From these values you can choose which wrapping method works best for you specific package.
Step 2: From Two Dimensions to Three
If a box has the dimensions of y by x by z, the area to be covered is:
2yx +2yz + 2xz
Imagine if you took the box, on the right, in the photo, slit the four z length sides, and smashed it flat. You would get the two dimensional shape shown on the right. It is a rectangle (y+z) long and (x+z) wide. The area of both sides is:
2(y+z)(x+z) = 2yx + 2yz + 2xz + 2z2
Note that this method will waste 2z2 worth of paper. This is why the z dimension should be the smallest of all three.
Given this model it is time to derive the paper dimensions required to wrap a three dimensional package.
Note: As I was writing this, I made a mistake in my calculations. I must admit I was drinking while doing this. Luckily I found my error before anyone got hurt. So if you are going to drink then don't derive!
Step 3: Three Dimensional Packages
Given the shape shown in the previous steps the photo in this step shows the dimensions of the paper given the length (y), width (x) and height (z) of your package.
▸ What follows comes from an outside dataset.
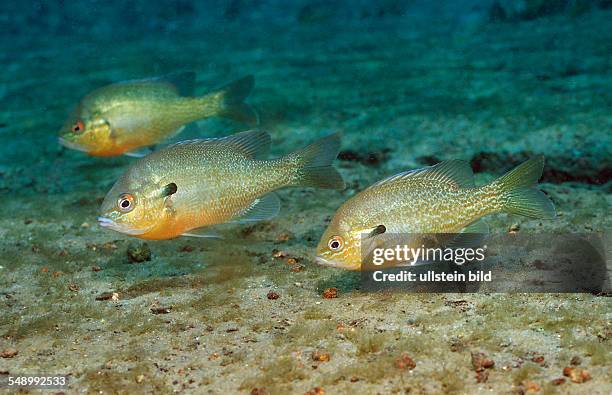 Redbreast Sunfish, Lepomis auritus, USA, Florida, FL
These dimensions can be crunched with a calculator or you can go to the next step.
Step 4: Spreadsheet
Now the equations generated for step 3 are pretty complicated and I don't think I could crunch them on a calculator without making a mistake. So I wrote this spreadsheet.
I have a present waiting to be wrapped that is 9½" long, 6" wide" and 5 ¼" tall. I enter these three values and I get the dimensions for the three solutions. I decide to go with the diagonal wrap because I have a piece of paper 20" square. Note that all three of the solutions require the same amount of paper.
Now I have to wrap a basketball. It comes in a cube 10" to a side. I enter in these values and I get two solutions:
Conventional Wrapping: 20" by 40"
Diagonal Wrapping: 28.3" by 28.3"
I will also go with the diagonal wrap.
I have to wrap a pen box 7" by 2" by 1½". Plug in the numbers and I get.
Convention Wrap: 8.5" by 7"
Alternative Wrap: 3.5: by 17"
Diagonal Wrap: 9.2" by 6.5"
Normally I would pick the conventional wrap but in the case I have a sliver of paper that is the perfect for the alternative.
Lastly I have a bottle of Scotch. It isn't getting wrapped!
Step 5: Conclusion
So any of these three methods use the same amount of paper. so saying the diagonal method uses less paper is technically false. However these three options do give you a choice of paper size and you may already have a scrap that is perfect for one them. So maybe knowing these three options and being able to calculate their required paper size will allow you to use the odd pieces of scrap paper and save money.